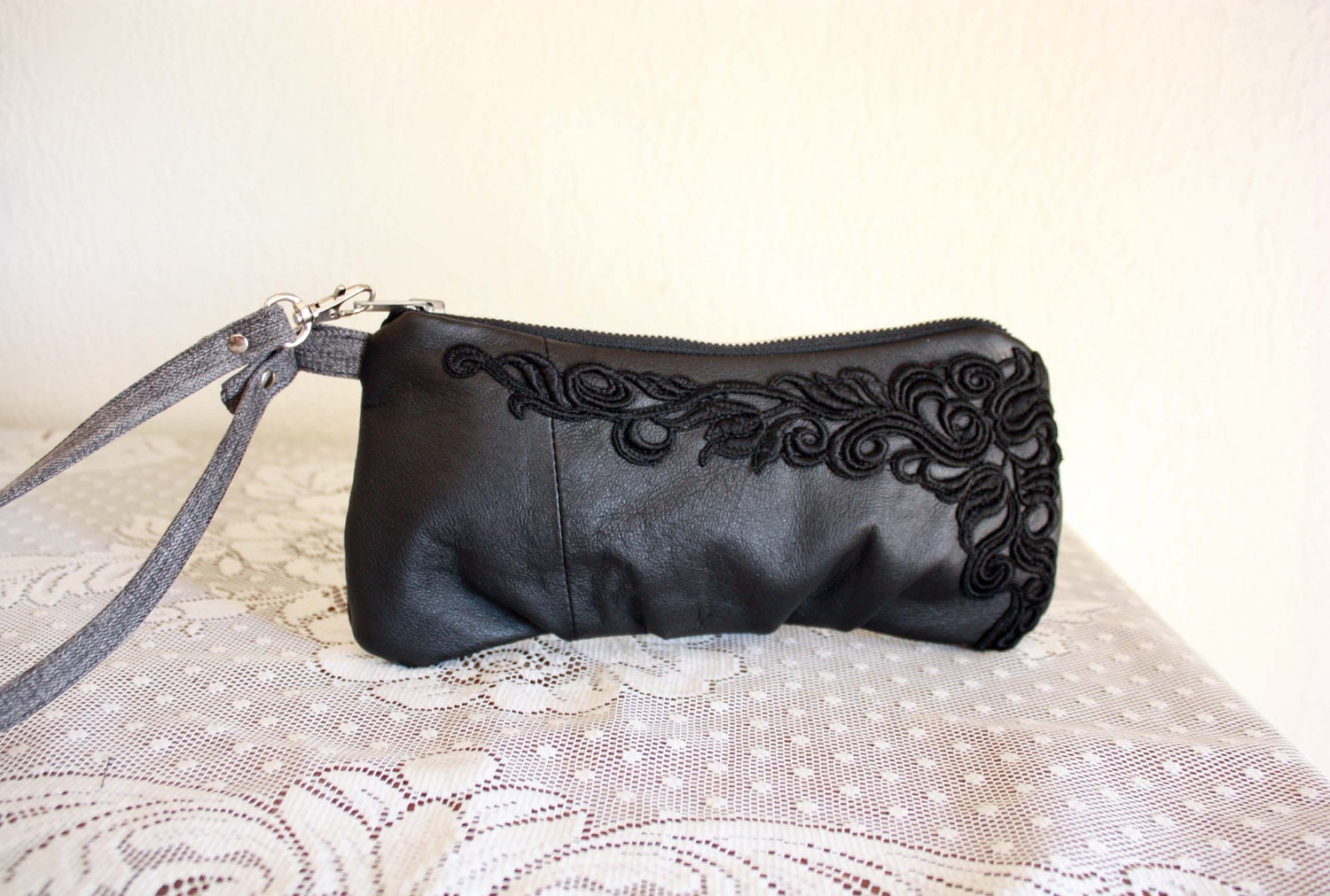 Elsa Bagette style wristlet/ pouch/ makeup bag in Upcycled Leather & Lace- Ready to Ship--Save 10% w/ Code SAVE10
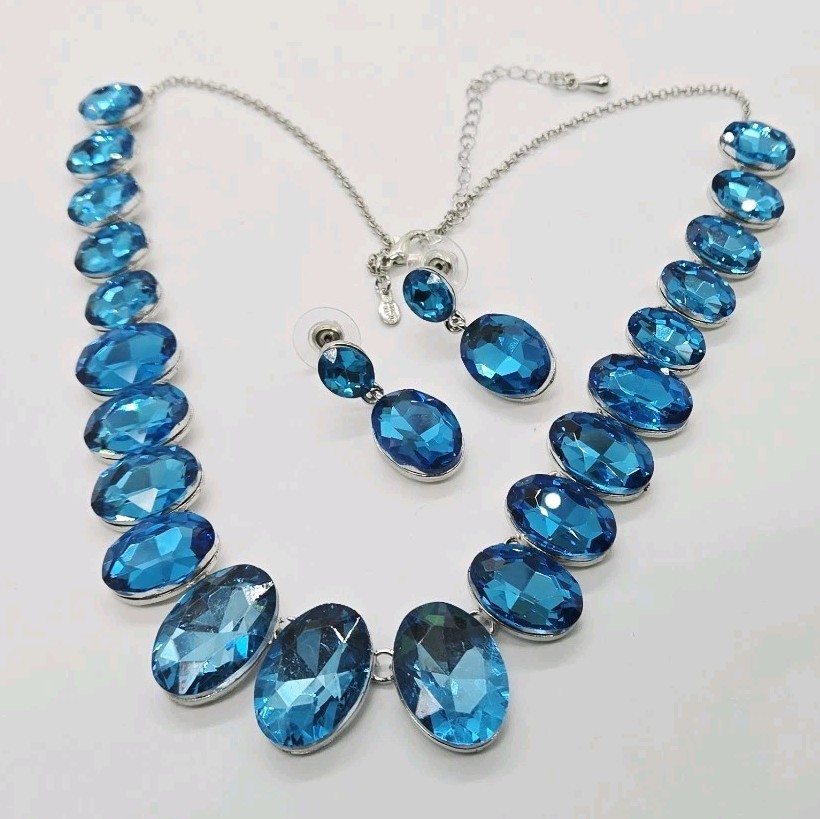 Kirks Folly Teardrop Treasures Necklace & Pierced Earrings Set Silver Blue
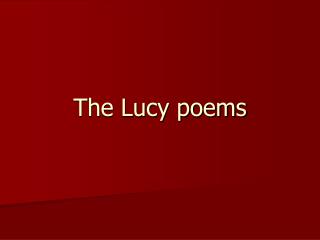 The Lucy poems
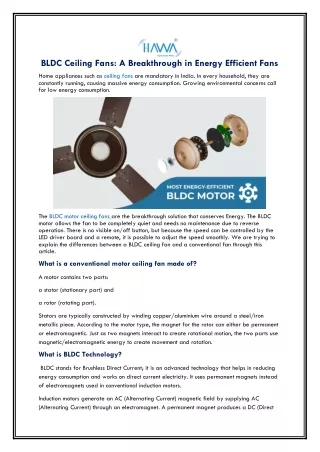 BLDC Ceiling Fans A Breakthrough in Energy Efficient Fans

(EXERCISE OBJECTIVE)
Give the listing above again in its entirety, exactly as written and free of images.

(EXPECTED ANSWER)
 Elsa Bagette style wristlet/ pouch/ makeup bag in Upcycled Leather & Lace- Ready to Ship--Save 10% w/ Code SAVE10
 Kirks Folly Teardrop Treasures Necklace & Pierced Earrings Set Silver Blue
 The Lucy poems
 BLDC Ceiling Fans A Breakthrough in Energy Efficient Fans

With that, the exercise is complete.